You say you are stuck on this screen - what happens when you click on one of the options, like 'Startup Repair'?


----------



## Abdul027329621 (Nov 20, 2021)

blues_harp28 said:


> Hi Abdul02732962. I have removed your link to Discord as all replies must be given here in the forum.
> You say you are stuck on this screen - what happens when you click on one of the options, like 'Startup Repair'?


To be more specific this what I see:








And when I press continue the pc boots and comes back to the same thing


----------



## blues_harp28 (Jan 9, 2005)

It looks like the Windows 10 system files are faulty or damaged.
Download the MediaCreationTool
https://www.microsoft.com/en-us/software-download/windows10
Click the "Download tool now" button.
Download to your desktop
Burn to a DVD or load onto a USB stick.

Boot your computer using Windows DVD or USB stick
Click Repair your computer in the lower left corner.
Select Troubleshoot > advanced options > select Automatic repair.

https://www.thewindowsclub.com/boot-or-repair-windows-10-using-the-installation-media


----------



## Abdul027329621 (Nov 20, 2021)

blues_harp28 said:


> It looks like the Windows 10 system files are faulty or damaged.
> Download the MediaCreationTool
> https://www.microsoft.com/en-us/software-download/windows10
> Click the "Download tool now" button.
> ...


Ok I'm gonna try


----------



## blues_harp28 (Jan 9, 2005)

Keep us updated.


----------



## Abdul027329621 (Nov 20, 2021)

blues_harp28 said:


> Keep us updated.


hi I'm really sorry for the late update, but I did what u told me and I got this


----------



## Abdul027329621 (Nov 20, 2021)

Abdul027329621 said:


> hi I'm really sorry for the late update, but I did what u told me and I got this
> View attachment 292284


Hi I think I got it but when I try to download windows, I get this message (If the selected partition contains files from a previous Windows installation, the files and folders will be moved to a folder named Windows.old. You will be able to access Windows.old, but you will not be able to use the previous Windows installation.)


----------



## blues_harp28 (Jan 9, 2005)

You do not want to download and install Windows as you will overwrite all your files and data.

Starting the pc from the DVD or USB stick you created -Click on the Advanced Options > then choose Command Prompt.
At the command prompt window > Type or copy and paste *DISM /Online /Cleanup-Image /RestoreHealth*
Press Enter on the keyboard.
Let it run to completion - and keep the command prompt window open.
Then Type *sfc /scannow*
Let it scan and repair/replace system files.
Restart your pc and see if that has helped.


----------



## Abdul027329621 (Nov 20, 2021)

blues_harp28 said:


> You do not want to download and install Windows as you will overwrite all your files and data.
> 
> Starting the pc from the DVD or USB stick you created -Click on the Advanced Options > then choose Command Prompt.
> At the command prompt window > Type or copy and paste *DISM /Online /Cleanup-Image /RestoreHealth*
> ...


Hi, and sorry for the late update but now everything works thank you.
I have a question, I have a GTX 970 4GB and i7 as a cpu and 15gb ram, and I wonder if I can have two screens?
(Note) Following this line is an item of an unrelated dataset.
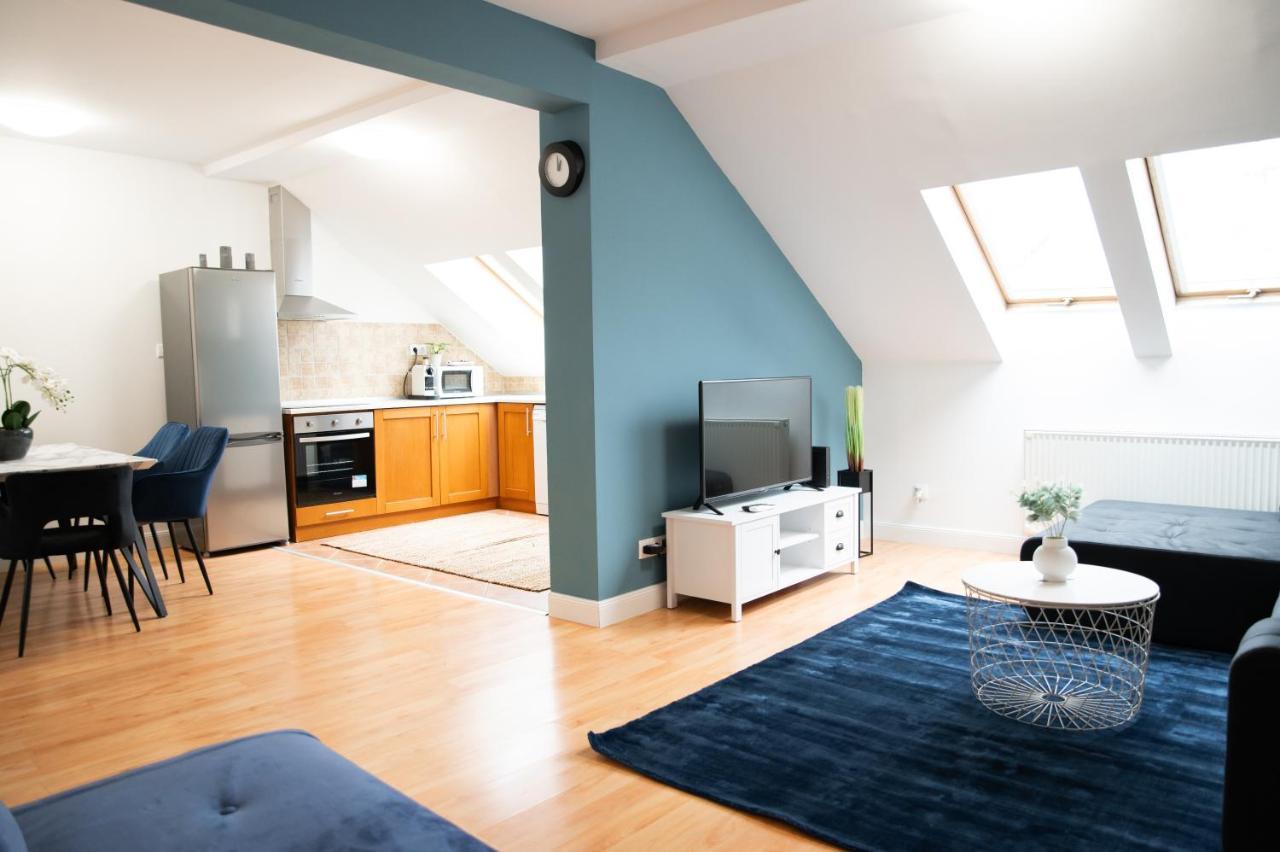 Balcony Dohany Street Apartment Budapest Exterior foto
The One I have now (60hz) and I'm ganna buy a new one (144 hz)


----------



## blues_harp28 (Jan 9, 2005)

Abdul027329621 said:


> I have a question, I have a GTX 970 4GB and i7 as a cpu and 15gb ram, and I wonder if I can have two screens? The One I have now (60hz) and I'm ganna buy a new one (144 hz)


I'm not a hardware expert - when checking online many are saying yes.
But I will ask one of our hardware experts here to reply to you.


----------



## Abdul027329621 (Nov 20, 2021)

blues_harp28 said:


> I'm not a hardware expert - when checking online many are saying yes.
> But I will ask one of our hardware experts here to reply to you.


Ty


----------



## Couriant (Mar 26, 2002)

The model number you provided can support up to 4 monitors.


----------



## Abdul027329621 (Nov 20, 2021)

Couriant said:


> The model number you provided can support up to 4 monitors.
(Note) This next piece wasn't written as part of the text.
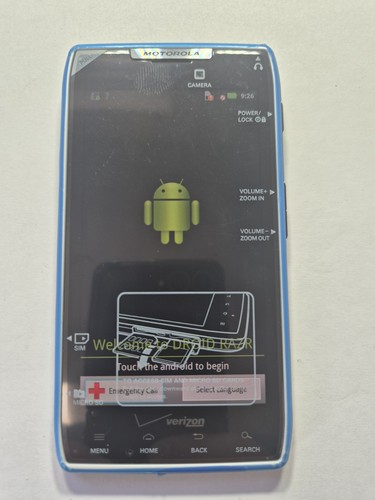 Smartphone motorola droid - smartphone,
Wait really, and I will get the full fps??


----------



## Macboatmaster (Jan 15, 2010)

In theory my coleague is quite correct
The 970 can display to four screens
However it cannot cope with four screens effectively for gaming or other video work at high resolution

I think you really wnated to know if your could have the TWO with one at 60hz refresh rate and one at 144hz refresh rate.


Abdul027329621 said:


> I have a question, I have a GTX 970 4GB and i7 as a cpu and 15gb ram, and I wonder if I can have two screens? *The One I have now (60hz) and I'm ganna buy a new one (144 hz)*


NVIDIA GeForce GTX 970 Specs | TechPowerUp GPU Database

Your card if it is the standard 970 has ONE HDMI, 3 Display Ports and ONE DVI
Some manufacturers of cards using the graphics processor of the 970 had different port arrangements
For instance - see the listings of the 970 on the link and you will notice that the
EVGA GTX 970 Specs | TechPowerUp GPU Database
had different port arrangements namely 2 DVI, ONE HDMI and ONE Display Port.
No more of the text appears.